Considering the number of times we see this in Scripture, we should take notice.
- We don’t want to follow the examples of these men and put our families in compromising or dangerous situations.
- We have to be intentional and purposeful leaders.
- We have to think about:
- Where we take our families
- Where we let them go
- Where we don’t let them go
Young ladies, let me get you to look at me for a moment:
- If you have a father who would not let you do what Jacob let Dinah do…
- If you have a father who tells you, “No,”…
- If you have a father who encourages you to dress modestly, and makes you change if you don’t…
- If you have a father who discourages you from keeping certain company…
- If you’ve ever said, “Well my dad doesn’t let me…” and then fill in the blank…
You need to thank him! You have a father who’s doing a better job w/ you than Jacob did w/ his daughter.
Since he didn’t protect her, it didn’t take long for something terrible to happen. Look at verse 2…
2 And when Shechem the son of Hamor the Hivite, the prince of the land, saw her, he seized her and lay with her and humiliated her. 3 And his soul was drawn to Dinah the daughter of Jacob.
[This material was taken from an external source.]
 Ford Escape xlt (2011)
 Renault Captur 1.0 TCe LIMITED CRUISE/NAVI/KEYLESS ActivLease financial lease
He loved the young woman and spoke tenderly to her. 4 So Shechem spoke to his father Hamor, saying, “Get me this girl for my wife.”
5 Now Jacob heard that he (Shechem) had defiled his daughter Dinah. But his sons were with his livestock in the field, so Jacob held his peace until they came. 6 And Hamor the father of Shechem went out to Jacob to speak with him. 7 The sons of Jacob had come in from the field as soon as they heard of it, and the men (Jacob’s sons) were indignant and very angry, because he had done an outrageous thing in Israel by lying with Jacob’s daughter, for such a thing must not be done.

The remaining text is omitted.